EXTRACTED RECORDS:

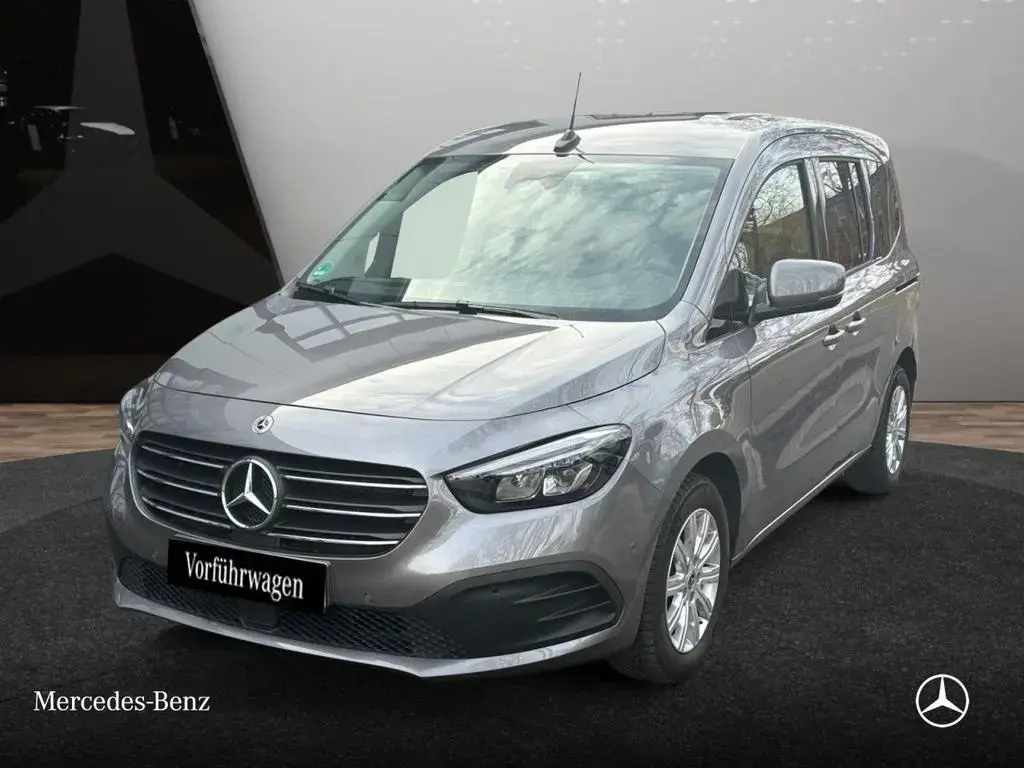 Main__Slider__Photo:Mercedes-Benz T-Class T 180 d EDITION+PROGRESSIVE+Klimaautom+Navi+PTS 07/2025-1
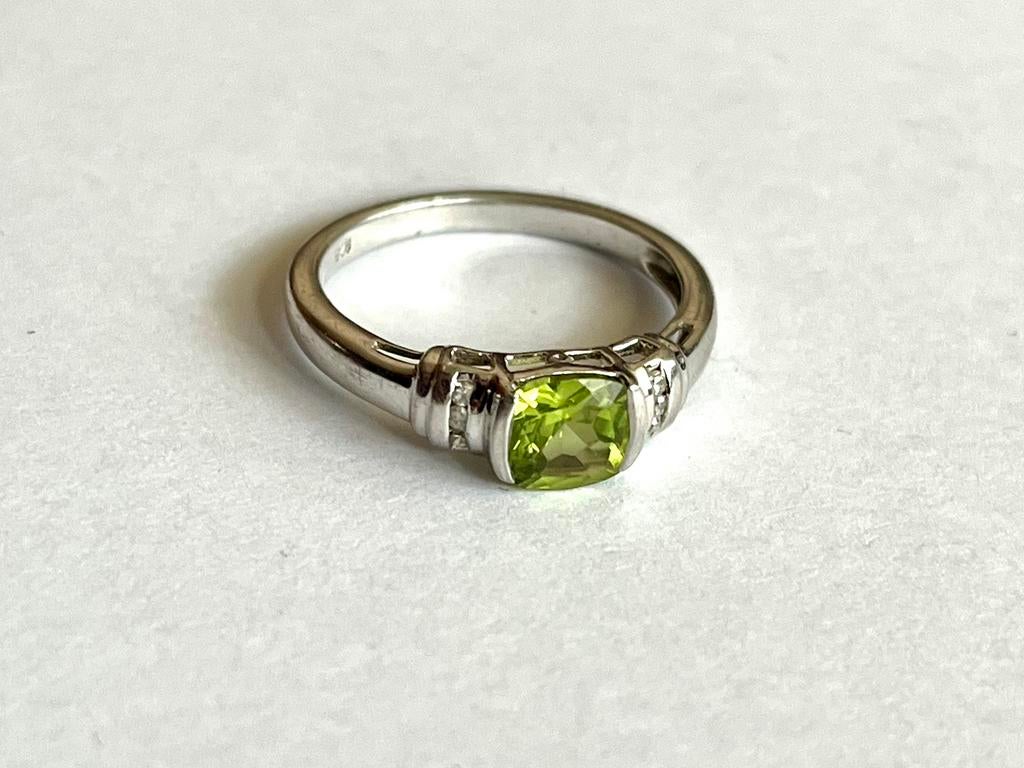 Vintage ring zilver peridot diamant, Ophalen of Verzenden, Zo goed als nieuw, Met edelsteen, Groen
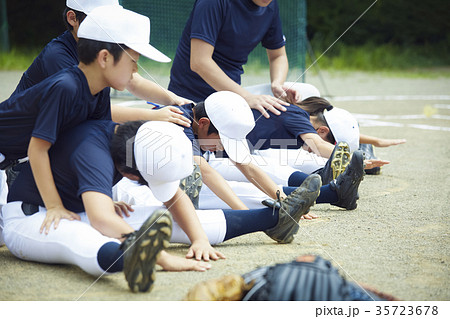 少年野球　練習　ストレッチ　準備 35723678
* * *
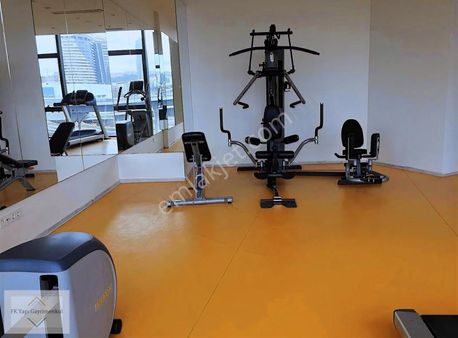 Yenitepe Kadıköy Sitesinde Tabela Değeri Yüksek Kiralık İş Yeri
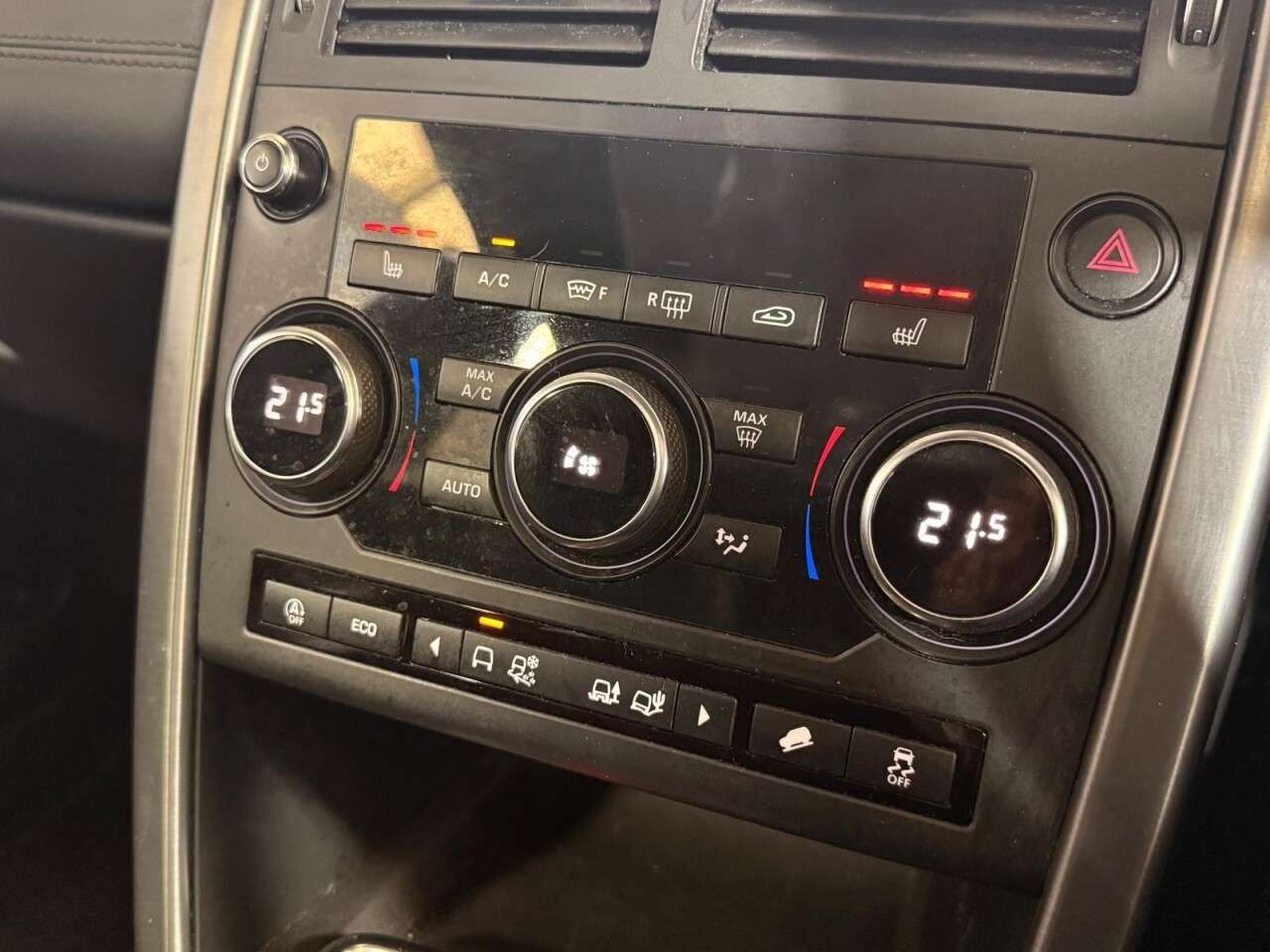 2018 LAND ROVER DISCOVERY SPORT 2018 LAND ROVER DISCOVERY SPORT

WHAT THE EXERCISE ASKS:
Would you set down only the lines above from the line with "Main__Slider__Photo:Mercedes-Benz T-Class T" to the line with "少年野球　練習　ストレッチ　準備 35723678", both included, exactly as they stand and without the pictures?

OUTPUT FOR THIS EXERCISE:
 Main__Slider__Photo:Mercedes-Benz T-Class T 180 d EDITION+PROGRESSIVE+Klimaautom+Navi+PTS 07/2025-1
 Vintage ring zilver peridot diamant, Ophalen of Verzenden, Zo goed als nieuw, Met edelsteen, Groen
 少年野球　練習　ストレッチ　準備 35723678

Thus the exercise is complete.